According to the Fourth IMO GHG Study 2020, emissions from shipping may represent between ~90% and ~130% of 2008 emissions by 2050, assuming that the shipping sector is in the business-as-usual (BAU) scenarios. The definition of BAU is that no new shipping regulations are adopted that impact emissions or energy efficiency. This shows how shipping emissions will develop if other sectors follow a certain economic and climate pathway and shipping does not. In the context of this study, analysis proceeded on the basis of the data in the 90% and 130% scenarios, as summarized in

Table 2. Projections in 90% scenario (SSP4_RCP2.6_G) [5].

Year	TW (Billion Tonne·Miles)	EIIMO (%)	eCO2 (1010 Tonne)	%e2008
2008	44,503	Baseline	1.110	Baseline
2018	59,230	0.0	0.999	90.0
2020	62,331	5.0	1.022	92.1
2025	68,305	9.0	1.047	94.3
2030	72,744	12.0	1.036	93.3
2035	76,570	14.0	1.032	93.0
2040	79,750	14.0	1.028	92.6
2045	82,162	14.0	1.037	93.4
2050	84,157	15.0	1.040	93.7

and

Table 3. Projections in 130% scenario (SSP2_RCP2.6_L) [5].

Year	TW (Billion Tonne·Miles)	EIIMO (%)	eCO2 (1010 Tonne)	%e2008
2008	44,503	-	1.110	-
2018	59,230	0.0	0.999	90.0
2020	62,518	1.0	1.026	92.4
2025	71,707	5.0	1.095	98.6
2030	82,460	10.0	1.154	104.0
2035	91,448	13.0	1.209	108.9
2040	101,604	15.0	1.295	116.7
2045	109,958	16.0	1.367	123.2
2050	119,429	17.0	1.456	131.2

, including efficiency improvements (EI_IMO) compared to 2018 and CO₂ emissions (e_CO2) and changes compared to 2008 (%e₂₀₀₈).

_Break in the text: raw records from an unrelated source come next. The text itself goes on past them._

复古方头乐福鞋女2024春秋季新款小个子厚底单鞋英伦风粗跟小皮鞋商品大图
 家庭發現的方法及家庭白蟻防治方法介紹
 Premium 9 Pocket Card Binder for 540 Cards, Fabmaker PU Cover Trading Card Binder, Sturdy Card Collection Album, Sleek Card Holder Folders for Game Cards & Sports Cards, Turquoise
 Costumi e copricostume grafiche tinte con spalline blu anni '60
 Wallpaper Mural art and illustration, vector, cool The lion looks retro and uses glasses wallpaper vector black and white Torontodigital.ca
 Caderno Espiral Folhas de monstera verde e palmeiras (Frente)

The projection measures were introduced in the Fourth IMO GHG Study 2020. In brief, the projections were based on GDP and population projections from the Shared Socio-Economic Pathways (SSPs) developed by the Intergovernmental Panel on Climate Change (IPCC). SSP2 (in the 130% scenario) and SSP4 (in the 90% scenario) represented middle and unequal/divided global development paths, respectively. The SSPs were combined with representative concentration pathways (RCPs, also developed by the IPCC) for integral assessment. In the 90% and 130% scenarios, RCP2.6 represented very low GHG emissions in line with the goal of keeping the global mean temperature increase below 2 °C.

The logistic model (L, in the 130% scenario) and the gravity model (G, in the 90% scenario) were employed to project transport work. The difference between the two measures indicated the uncertainty inherent in making projections about future developments. The logistic model assumed that transport work was related to the world’s total GDP. It accurately described the past for different cargo types and captured the specificities of the global transport of different commodities. Because it was based on global data, it did not capture the peculiarities of countries’ bilateral trade flows.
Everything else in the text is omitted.